Data pipeline and prefetch rules
For CUDA training jobs, always inspect the input path before blaming kernels.
Required checks:
num_workers
pin_memory
persistent_workers
prefetch_factor
- CPU decode, tokenize, or augment cost
- storage throughput and remote filesystem latency
Rules:
- If GPU utilization dips between steps, inspect the dataloader before touching kernels.
- Tune
prefetch_factor and worker count together; more workers without enough prefetch often just moves the bottleneck.
- Keep host preprocessing out of the critical path when possible.
- For very fast H100/H200/B200 training loops, assume untuned input pipelines are guilty until measurements say otherwise.
Reproducibility and numerics rules
- Be explicit when a change trades accuracy for speed.
- cuDNN determinism is not guaranteed across architectures.
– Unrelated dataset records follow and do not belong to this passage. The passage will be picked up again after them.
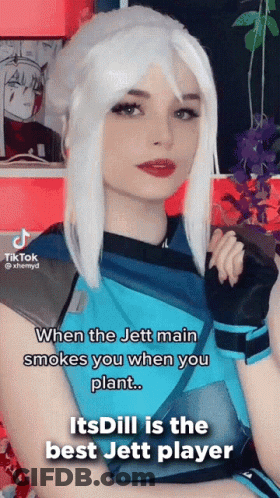 White-Haired Woman In Blue Shirt And Gloves GIF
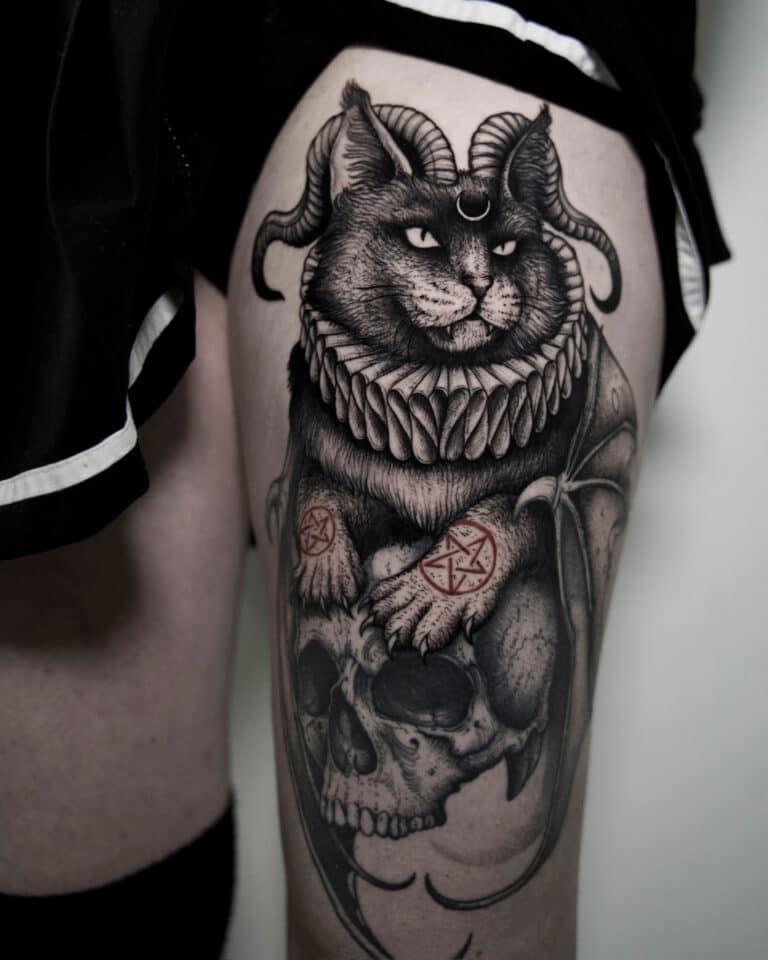 7sinstattoo.live Szczegółowy tatuaż, uchwycony na zdjęciu produktu „Копия DSC09932” przez utalentowanego tatuażystę z Poznania, przedstawia kota z rogami barana i misterną obrożą, spoczywającego na ludzkiej czaszce. Na łapach kota znajdują się dekoracyjne symbole. Tatuaż jest umieszczony na udzie osoby, z widocznym brzegiem jej czarnego ubrania. Najlepsze studio tatuażu Seven Sins Tattoo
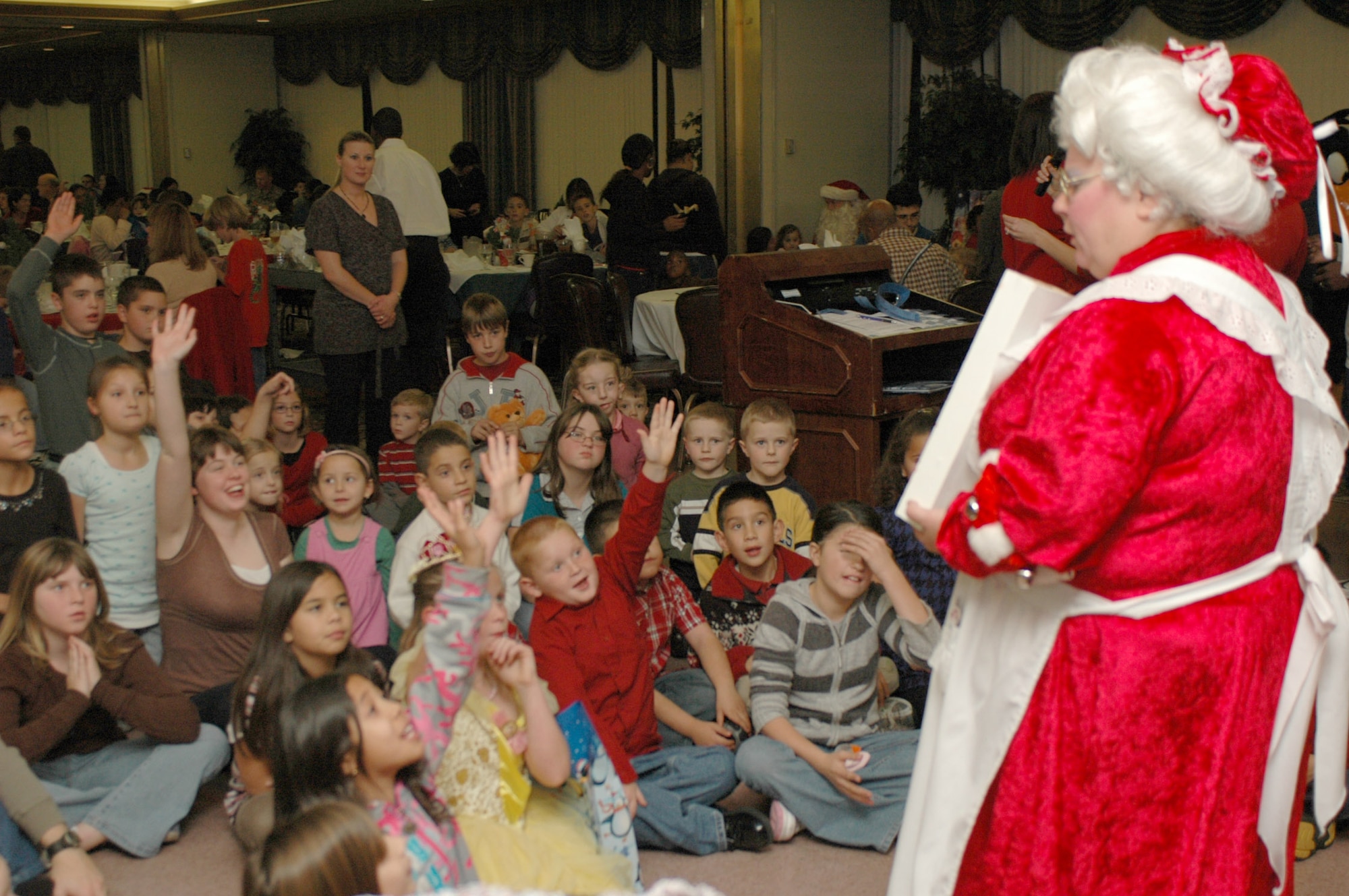 Mrs. Clause puts on a magic show at this year’s Special Needs Holiday Party Dec. 9 at the Travis Conference Center. (U.S. Air Force photo/Staff Sgt. Shaun Emery)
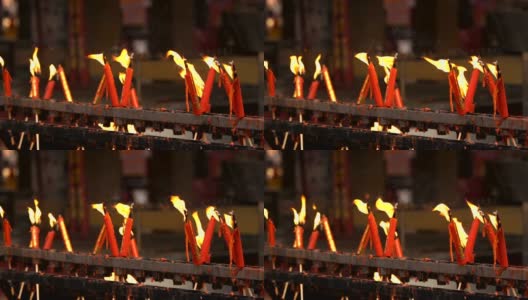 寺庙中红色蜡烛燃烧时火焰的慢镜头高清在线视频素材下载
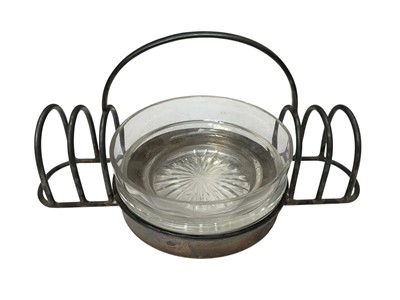 Lot 181 - George V silver toast rack / preserve stand with a central glass liner, (Birmingham 1931), maker Asprey and Co, approximately 16.5cm in overall length.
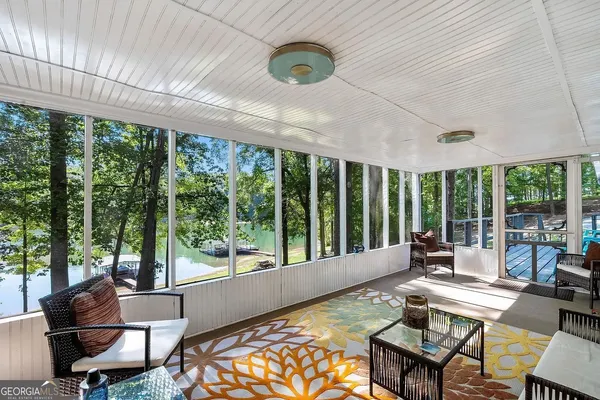 a living room with furniture and a floor to ceiling window
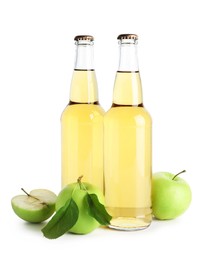 Photo of Delicious cider in glass bottles and apples isolated on white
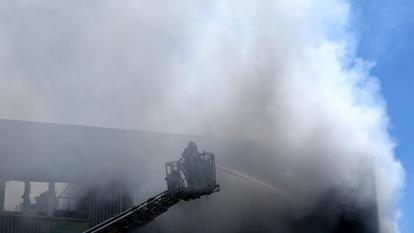 Photo d’illustration de pompiers éteignant un incendie dans un entrepôt.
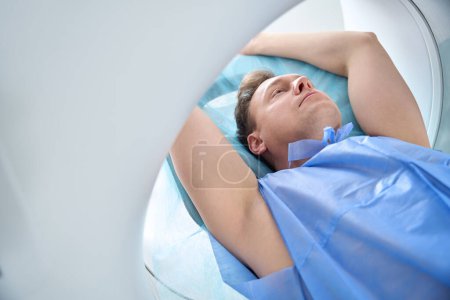Ausgeschnittenes Foto des Patienten mit erhobenen Armen über dem Kopf liegend in der CT-Portalöffnung
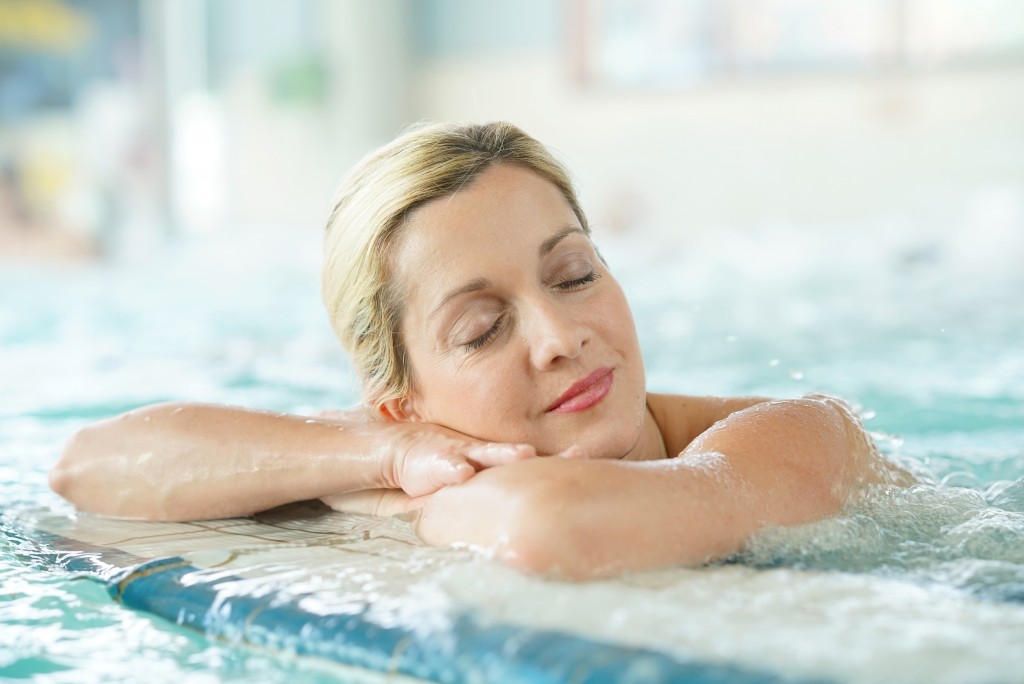 woman relaxing by the pool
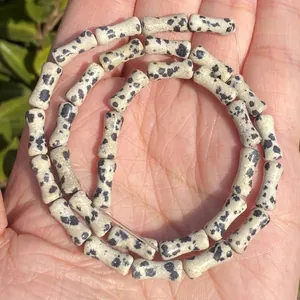 Detailed view of 5x12mm natural Dalmatian jasper bamboo shaped beads for DIY jewelry making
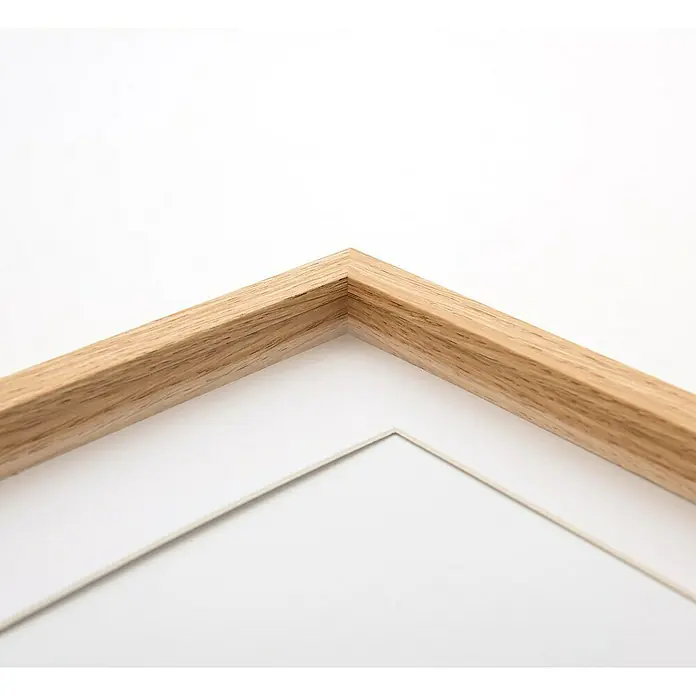 Accent Holzrahmen Objektrahmen Aura - DIN A4 / 21 x 29,7 cm, Eiche - Ecke eines hellen Holzbilderrahmen mit weißem Passepartout.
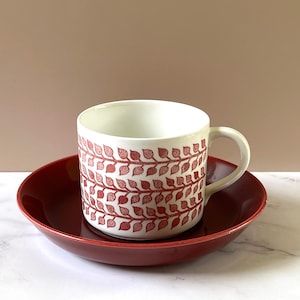 May include: A white ceramic mug with a red leaf pattern sits on a matching red saucer. The mug has a curved handle and the leaf design covers the exterior. The saucer is round and slightly concave, creating a cohesive set.
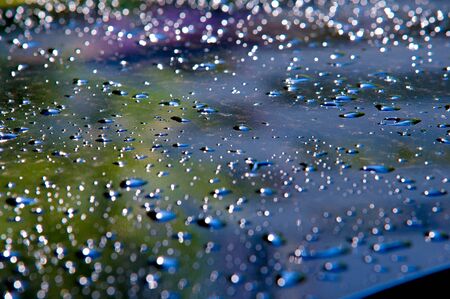 The photo is blurred, raindrops on the car paintworkの写真素材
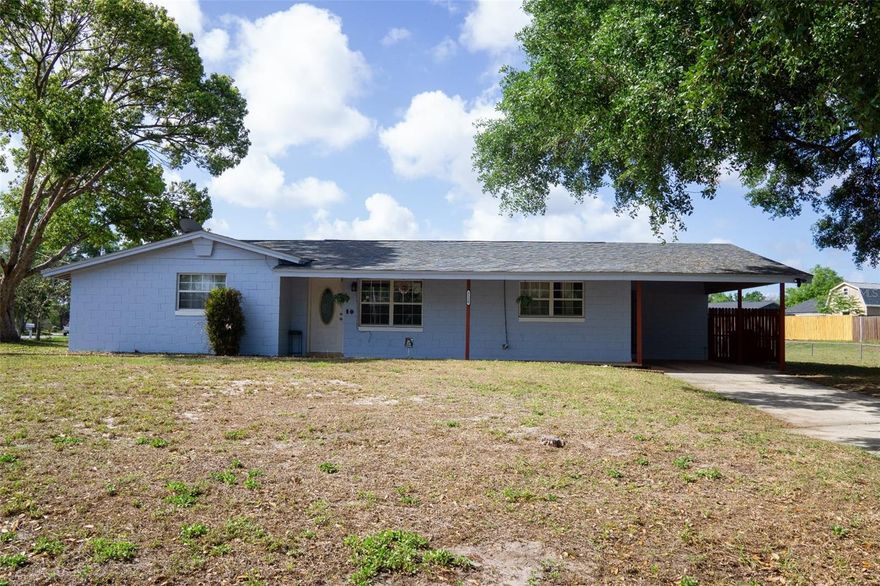 Tucked beneath mature trees on a generous spacious corner lot just over a quarter acre on a dead end street. This inviting home blends cozy charm with laid-back Florida living. From the moment you arrive, you’ll feel the warmth of a space designed for comfort, connection, and flexibility with room to grow. Step inside to a light-filled interior with easy-care tile floors and a natural flow that makes everyday life feel effortless.There’s plenty of natural light, creating a bright and inviting atmosphere. The solar panels keep costs low so you don't have to worry about running the air conditioning all day on those hot summer days. The kitchen offers a welcoming heart-of-the-home feel—perfect for slow mornings, home-cooked meals, and gatherings. You have plenty of space to cook and host in here. Having split style bedrooms allows everyone to have their own space for comfort. The primary room is quite large with a beautiful shower oasis. The two other bedrooms are perfectly located off the kitchen and are great for guests, animals or gaming, with space to work from home from. The hall bathroom has a tub shower if you need to relax after a long day and unwind. The inside laundry room makes cleaning up easy. Out back is where this home truly shines. Multiple outdoor spaces—including a screened porch, open patio to create the perfect setting for quiet coffee mornings, string-lit dinners, or unwinding after a long day. The oversized lot gives you room to breathe, garden, or even expand—offering a sense of space that’s hard to find. This oversized lot provides endless possibilities for your growing needs. Set in an established neighborhood with no HOA, you’ll enjoy both freedom and convenience, just minutes from everything Orlando. Located in the desirable Dover Manor area, this home is conveniently close to the airport, shopping, dining, and major roadways, making commuting and daily errands a breeze.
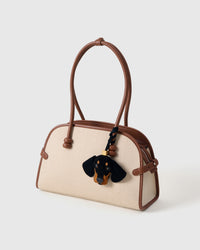 Handmade Dachshund suede bag charm on a handbag — built to last from French Alran suede, hand-layered, hand-stitched. STICKYZOO suede edition.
- Across devices or architectures, do not promise bitwise-identical outputs.
- If NaNs or Infs appear:
- check data first
- check loss scaling or dtype policy
- check reduced-precision reductions
- inspect unstable linalg paths
Environment variable policy
Allowed as targeted tools, not blanket defaults:
CUDA_VISIBLE_DEVICES
CUDA_LAUNCH_BLOCKING=1 for debugging only
PYTORCH_ALLOC_CONF
TORCH_CUDNN_V8_API_LRU_CACHE_LIMIT
TORCH_ALLOW_TF32_CUBLAS_OVERRIDE
TORCH_NCCL_USE_COMM_NONBLOCKING=1
NCCL_DEBUG
NCCL_DEBUG_SUBSYS
NCCL_SOCKET_IFNAME
If you set an env var in code, config, or docs, explain:
- why it is needed
- whether it is for debugging, correctness, or performance
- when it should be removed
Review checklist
When reviewing or generating code in this domain, check for:
- tensors bouncing between CPU and GPU
- missing
pin_memory=True on CUDA dataloaders
- missing
non_blocking=True on pinned copies
- missing
persistent_workers=True or untuned prefetch_factor on steady-state training jobs
- deprecated AMP API usage
- full FP32 training or inference on Hopper/Blackwell with no numerics justification
- FP16 used by default on Hopper with no reason
- no BF16 or FP8 path evaluation on H200/B200-class hardware
- no warmup in benchmarks
- no synchronize around timing
.item() / .cpu() / .numpy() inside the step loop
- distributed code using non-NCCL backend for CUDA
- DDP used where model clearly does not fit, instead of FSDP2
- activation checkpointing used to paper over what should be FSDP or ZeRO sharding
- TP enabled without SP where the framework expects SP
- long-context workloads scaled by TP alone when CP is the better lever
- transformer stack on Hopper staying on unfused attention with no reason
- transformer stack on H200/B200 never testing newer flash attention implementations
- speculative decoding added with no acceptance-rate measurement
- quantization merged with no quality gate
- FP8 added without recipe-backed scaling or accuracy validation
- custom kernel work started before simpler wins were exhausted
Output contract
When using this skill, report in this order:
- runtime facts
- bottleneck hypothesis
- chosen optimization order
- changes made
- verification evidence
- remaining risks
If you need deeper justification or exact source-backed tuning notes, read references/official-notes.md.